## Problem description
Word for word, repeat the data; no picture should appear in the result.

## Data provided
_ _ _ _

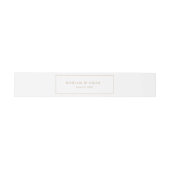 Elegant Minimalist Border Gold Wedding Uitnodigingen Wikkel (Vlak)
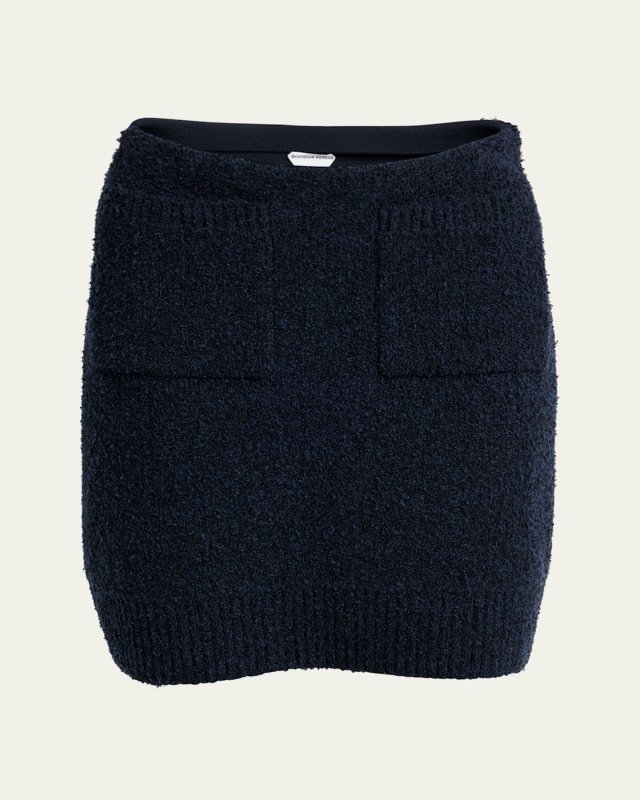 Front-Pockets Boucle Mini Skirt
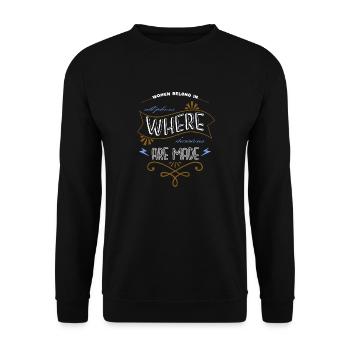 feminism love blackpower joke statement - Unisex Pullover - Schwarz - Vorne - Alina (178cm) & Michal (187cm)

_ _ _ _

## Result of this task
 Elegant Minimalist Border Gold Wedding Uitnodigingen Wikkel (Vlak)
 Front-Pockets Boucle Mini Skirt
 feminism love blackpower joke statement - Unisex Pullover - Schwarz - Vorne - Alina (178cm) & Michal (187cm)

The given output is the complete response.